Raw data Block Start

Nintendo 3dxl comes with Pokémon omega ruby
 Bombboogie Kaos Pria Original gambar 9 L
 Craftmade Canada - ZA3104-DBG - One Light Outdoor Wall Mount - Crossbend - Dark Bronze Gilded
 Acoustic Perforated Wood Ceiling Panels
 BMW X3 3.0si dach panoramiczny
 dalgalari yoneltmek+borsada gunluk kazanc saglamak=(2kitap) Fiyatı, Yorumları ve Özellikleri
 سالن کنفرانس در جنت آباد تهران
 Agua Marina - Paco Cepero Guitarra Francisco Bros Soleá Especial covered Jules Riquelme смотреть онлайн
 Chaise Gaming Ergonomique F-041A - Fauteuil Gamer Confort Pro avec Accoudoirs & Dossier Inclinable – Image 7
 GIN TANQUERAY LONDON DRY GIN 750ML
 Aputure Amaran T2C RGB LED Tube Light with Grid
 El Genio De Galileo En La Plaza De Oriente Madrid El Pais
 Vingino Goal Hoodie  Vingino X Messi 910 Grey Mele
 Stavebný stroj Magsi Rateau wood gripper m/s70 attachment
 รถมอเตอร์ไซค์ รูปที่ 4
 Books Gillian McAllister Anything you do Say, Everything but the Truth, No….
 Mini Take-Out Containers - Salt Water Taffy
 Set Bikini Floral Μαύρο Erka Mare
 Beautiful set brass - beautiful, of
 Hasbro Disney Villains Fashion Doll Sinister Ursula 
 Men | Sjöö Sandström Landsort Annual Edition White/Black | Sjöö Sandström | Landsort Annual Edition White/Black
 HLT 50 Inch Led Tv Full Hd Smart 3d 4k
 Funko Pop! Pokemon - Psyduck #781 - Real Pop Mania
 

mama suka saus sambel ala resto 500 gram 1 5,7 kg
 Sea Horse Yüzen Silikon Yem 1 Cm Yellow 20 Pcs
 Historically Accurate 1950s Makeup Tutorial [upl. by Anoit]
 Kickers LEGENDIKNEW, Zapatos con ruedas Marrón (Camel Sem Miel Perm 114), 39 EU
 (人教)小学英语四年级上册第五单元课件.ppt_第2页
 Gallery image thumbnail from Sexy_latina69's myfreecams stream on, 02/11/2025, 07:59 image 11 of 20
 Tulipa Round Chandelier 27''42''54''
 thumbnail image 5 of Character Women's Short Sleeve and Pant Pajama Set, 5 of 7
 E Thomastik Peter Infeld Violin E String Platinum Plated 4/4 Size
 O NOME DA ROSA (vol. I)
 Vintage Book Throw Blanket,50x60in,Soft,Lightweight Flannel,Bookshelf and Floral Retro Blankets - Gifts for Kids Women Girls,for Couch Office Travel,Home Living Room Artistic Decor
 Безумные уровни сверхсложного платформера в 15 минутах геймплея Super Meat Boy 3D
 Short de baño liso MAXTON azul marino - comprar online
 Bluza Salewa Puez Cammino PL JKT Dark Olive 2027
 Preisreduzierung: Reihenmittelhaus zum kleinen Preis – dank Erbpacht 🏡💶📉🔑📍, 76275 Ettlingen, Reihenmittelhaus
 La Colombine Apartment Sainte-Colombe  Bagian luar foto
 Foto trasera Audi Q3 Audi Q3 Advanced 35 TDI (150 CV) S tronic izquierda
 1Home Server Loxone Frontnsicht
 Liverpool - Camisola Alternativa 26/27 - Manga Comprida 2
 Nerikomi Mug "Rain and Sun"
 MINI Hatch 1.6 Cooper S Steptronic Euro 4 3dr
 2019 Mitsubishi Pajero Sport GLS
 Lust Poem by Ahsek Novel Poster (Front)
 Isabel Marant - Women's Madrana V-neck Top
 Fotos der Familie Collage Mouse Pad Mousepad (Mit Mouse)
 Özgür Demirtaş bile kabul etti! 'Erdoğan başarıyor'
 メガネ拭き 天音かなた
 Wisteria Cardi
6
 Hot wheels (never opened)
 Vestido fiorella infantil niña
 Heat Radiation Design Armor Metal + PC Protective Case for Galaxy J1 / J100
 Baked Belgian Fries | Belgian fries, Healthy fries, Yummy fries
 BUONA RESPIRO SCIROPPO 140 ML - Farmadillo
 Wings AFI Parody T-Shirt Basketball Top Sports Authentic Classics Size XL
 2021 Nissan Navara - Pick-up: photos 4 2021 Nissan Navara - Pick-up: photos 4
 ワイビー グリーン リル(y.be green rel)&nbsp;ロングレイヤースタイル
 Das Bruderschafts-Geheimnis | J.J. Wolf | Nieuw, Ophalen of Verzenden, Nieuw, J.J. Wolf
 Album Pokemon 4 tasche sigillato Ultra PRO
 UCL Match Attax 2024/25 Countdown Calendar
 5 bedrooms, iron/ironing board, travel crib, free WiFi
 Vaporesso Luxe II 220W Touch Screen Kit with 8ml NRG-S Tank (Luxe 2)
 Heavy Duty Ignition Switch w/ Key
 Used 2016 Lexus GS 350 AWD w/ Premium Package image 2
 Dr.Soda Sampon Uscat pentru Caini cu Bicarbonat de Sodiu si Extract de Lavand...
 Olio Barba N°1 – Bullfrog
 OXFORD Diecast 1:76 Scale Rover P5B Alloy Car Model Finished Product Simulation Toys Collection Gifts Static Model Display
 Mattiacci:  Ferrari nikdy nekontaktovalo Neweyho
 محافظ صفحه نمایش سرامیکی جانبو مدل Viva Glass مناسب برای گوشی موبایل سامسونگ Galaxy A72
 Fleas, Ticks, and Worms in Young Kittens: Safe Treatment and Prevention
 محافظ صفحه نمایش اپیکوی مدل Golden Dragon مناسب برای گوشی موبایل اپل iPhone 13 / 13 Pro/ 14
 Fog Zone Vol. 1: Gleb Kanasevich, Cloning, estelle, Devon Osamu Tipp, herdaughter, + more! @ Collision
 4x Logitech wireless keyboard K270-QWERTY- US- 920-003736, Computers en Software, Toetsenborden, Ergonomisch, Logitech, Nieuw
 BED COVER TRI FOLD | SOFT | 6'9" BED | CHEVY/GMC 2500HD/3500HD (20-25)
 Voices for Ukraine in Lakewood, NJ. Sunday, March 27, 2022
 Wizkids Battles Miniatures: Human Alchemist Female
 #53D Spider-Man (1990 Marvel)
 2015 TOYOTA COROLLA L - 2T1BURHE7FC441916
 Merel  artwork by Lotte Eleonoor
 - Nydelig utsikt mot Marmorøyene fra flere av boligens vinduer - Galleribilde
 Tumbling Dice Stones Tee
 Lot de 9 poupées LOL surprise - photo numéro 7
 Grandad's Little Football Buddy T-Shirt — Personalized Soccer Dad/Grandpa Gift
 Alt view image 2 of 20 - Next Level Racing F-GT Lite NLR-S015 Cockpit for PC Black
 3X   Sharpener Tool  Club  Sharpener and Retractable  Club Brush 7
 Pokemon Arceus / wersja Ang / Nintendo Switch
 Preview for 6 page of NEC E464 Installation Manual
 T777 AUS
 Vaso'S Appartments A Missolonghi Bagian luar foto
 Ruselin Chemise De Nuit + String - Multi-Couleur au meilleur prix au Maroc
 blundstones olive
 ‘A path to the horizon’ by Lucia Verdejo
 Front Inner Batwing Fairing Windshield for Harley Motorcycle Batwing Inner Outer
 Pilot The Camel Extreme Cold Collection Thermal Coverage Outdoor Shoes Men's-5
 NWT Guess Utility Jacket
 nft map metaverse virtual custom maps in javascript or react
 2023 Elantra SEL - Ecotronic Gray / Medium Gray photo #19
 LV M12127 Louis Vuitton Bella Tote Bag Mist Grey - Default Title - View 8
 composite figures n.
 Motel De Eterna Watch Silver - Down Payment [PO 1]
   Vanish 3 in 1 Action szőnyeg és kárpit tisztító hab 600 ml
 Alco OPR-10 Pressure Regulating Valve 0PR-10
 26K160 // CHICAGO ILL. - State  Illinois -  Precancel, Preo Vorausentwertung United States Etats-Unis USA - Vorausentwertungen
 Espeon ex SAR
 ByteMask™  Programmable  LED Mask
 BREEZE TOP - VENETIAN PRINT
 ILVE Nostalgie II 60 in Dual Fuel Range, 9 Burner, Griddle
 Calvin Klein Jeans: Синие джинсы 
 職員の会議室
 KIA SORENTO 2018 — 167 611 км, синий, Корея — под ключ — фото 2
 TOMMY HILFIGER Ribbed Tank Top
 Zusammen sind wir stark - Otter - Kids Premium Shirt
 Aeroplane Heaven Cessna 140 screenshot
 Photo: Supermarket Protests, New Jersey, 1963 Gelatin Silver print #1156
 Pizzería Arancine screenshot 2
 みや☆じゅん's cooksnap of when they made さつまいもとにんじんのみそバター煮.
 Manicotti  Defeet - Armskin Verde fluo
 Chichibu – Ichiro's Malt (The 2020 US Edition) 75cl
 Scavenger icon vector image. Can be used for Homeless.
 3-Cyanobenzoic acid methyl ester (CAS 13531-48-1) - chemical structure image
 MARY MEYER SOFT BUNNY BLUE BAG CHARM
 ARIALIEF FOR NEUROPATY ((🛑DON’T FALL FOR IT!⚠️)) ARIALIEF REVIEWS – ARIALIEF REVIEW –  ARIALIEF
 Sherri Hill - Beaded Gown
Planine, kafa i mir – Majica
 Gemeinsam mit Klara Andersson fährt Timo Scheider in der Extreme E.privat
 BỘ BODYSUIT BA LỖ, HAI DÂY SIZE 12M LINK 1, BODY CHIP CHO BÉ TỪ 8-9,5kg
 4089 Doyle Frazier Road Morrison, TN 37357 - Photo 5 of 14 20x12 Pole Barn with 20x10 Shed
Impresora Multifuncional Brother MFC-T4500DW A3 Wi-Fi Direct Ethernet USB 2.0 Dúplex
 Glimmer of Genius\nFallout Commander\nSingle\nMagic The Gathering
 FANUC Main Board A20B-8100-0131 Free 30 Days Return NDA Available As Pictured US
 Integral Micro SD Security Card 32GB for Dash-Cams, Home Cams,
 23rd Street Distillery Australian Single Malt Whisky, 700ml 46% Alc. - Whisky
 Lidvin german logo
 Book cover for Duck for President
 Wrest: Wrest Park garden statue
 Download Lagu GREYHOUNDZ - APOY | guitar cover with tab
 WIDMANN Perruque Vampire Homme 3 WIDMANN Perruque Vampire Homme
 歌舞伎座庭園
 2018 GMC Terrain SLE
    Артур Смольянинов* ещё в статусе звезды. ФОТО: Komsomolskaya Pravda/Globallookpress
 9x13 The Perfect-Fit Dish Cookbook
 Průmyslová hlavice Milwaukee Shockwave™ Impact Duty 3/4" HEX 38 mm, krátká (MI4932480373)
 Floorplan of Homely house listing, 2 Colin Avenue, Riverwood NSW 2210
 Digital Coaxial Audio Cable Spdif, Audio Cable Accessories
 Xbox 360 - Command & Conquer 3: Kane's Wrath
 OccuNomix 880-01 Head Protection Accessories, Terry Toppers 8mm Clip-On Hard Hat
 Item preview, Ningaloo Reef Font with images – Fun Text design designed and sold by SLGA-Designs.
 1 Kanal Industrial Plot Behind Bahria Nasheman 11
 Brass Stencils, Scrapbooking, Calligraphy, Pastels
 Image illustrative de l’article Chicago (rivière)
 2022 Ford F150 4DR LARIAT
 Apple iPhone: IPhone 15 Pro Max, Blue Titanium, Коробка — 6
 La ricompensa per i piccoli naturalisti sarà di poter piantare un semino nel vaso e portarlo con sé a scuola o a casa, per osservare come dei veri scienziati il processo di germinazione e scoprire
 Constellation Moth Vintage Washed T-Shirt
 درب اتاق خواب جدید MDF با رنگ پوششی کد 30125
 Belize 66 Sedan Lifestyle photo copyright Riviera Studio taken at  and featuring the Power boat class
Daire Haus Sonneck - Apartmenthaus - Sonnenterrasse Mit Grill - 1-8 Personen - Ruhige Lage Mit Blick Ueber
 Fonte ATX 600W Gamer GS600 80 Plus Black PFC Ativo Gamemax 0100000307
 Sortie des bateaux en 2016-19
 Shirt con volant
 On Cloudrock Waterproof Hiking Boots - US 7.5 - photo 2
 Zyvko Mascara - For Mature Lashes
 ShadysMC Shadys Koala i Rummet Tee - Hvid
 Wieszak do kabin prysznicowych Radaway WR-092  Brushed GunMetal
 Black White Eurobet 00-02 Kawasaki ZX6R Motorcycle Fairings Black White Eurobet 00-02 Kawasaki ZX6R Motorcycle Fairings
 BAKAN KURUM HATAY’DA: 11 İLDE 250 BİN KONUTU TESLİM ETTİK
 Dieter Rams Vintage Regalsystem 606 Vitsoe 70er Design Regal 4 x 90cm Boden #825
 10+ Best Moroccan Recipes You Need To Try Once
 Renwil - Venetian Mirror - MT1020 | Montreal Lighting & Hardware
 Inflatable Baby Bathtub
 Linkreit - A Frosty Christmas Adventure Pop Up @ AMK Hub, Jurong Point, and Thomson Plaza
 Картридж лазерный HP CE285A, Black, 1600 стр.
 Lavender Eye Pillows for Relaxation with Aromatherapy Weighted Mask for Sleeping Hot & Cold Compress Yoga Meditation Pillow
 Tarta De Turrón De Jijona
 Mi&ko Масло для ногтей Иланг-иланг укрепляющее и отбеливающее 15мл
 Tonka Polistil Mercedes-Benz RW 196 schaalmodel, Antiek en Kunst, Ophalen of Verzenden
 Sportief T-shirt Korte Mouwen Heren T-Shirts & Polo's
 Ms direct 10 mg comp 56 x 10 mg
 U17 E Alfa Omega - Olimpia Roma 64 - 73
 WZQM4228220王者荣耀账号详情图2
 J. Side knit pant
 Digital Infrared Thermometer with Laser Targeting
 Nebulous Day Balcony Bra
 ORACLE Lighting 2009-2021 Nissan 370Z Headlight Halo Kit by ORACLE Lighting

Raw data Block End

== Brief ==
Look above for the line with "4x Logitech wireless" and the line with "NWT Guess Utility Jacket", and reproduce exactly those two lines plus every line between, nothing more.

== Response ==
 4x Logitech wireless keyboard K270-QWERTY- US- 920-003736, Computers en Software, Toetsenborden, Ergonomisch, Logitech, Nieuw
 BED COVER TRI FOLD | SOFT | 6'9" BED | CHEVY/GMC 2500HD/3500HD (20-25)
 Voices for Ukraine in Lakewood, NJ. Sunday, March 27, 2022
 Wizkids Battles Miniatures: Human Alchemist Female
 #53D Spider-Man (1990 Marvel)
 2015 TOYOTA COROLLA L - 2T1BURHE7FC441916
 Merel  artwork by Lotte Eleonoor
 - Nydelig utsikt mot Marmorøyene fra flere av boligens vinduer - Galleribilde
 Tumbling Dice Stones Tee
 Lot de 9 poupées LOL surprise - photo numéro 7
 Grandad's Little Football Buddy T-Shirt — Personalized Soccer Dad/Grandpa Gift
 Alt view image 2 of 20 - Next Level Racing F-GT Lite NLR-S015 Cockpit for PC Black
 3X   Sharpener Tool  Club  Sharpener and Retractable  Club Brush 7
 Pokemon Arceus / wersja Ang / Nintendo Switch
 Preview for 6 page of NEC E464 Installation Manual
 T777 AUS
 Vaso'S Appartments A Missolonghi Bagian luar foto
 Ruselin Chemise De Nuit + String - Multi-Couleur au meilleur prix au Maroc
 blundstones olive
 ‘A path to the horizon’ by Lucia Verdejo
 Front Inner Batwing Fairing Windshield for Harley Motorcycle Batwing Inner Outer
 Pilot The Camel Extreme Cold Collection Thermal Coverage Outdoor Shoes Men's-5
 NWT Guess Utility Jacket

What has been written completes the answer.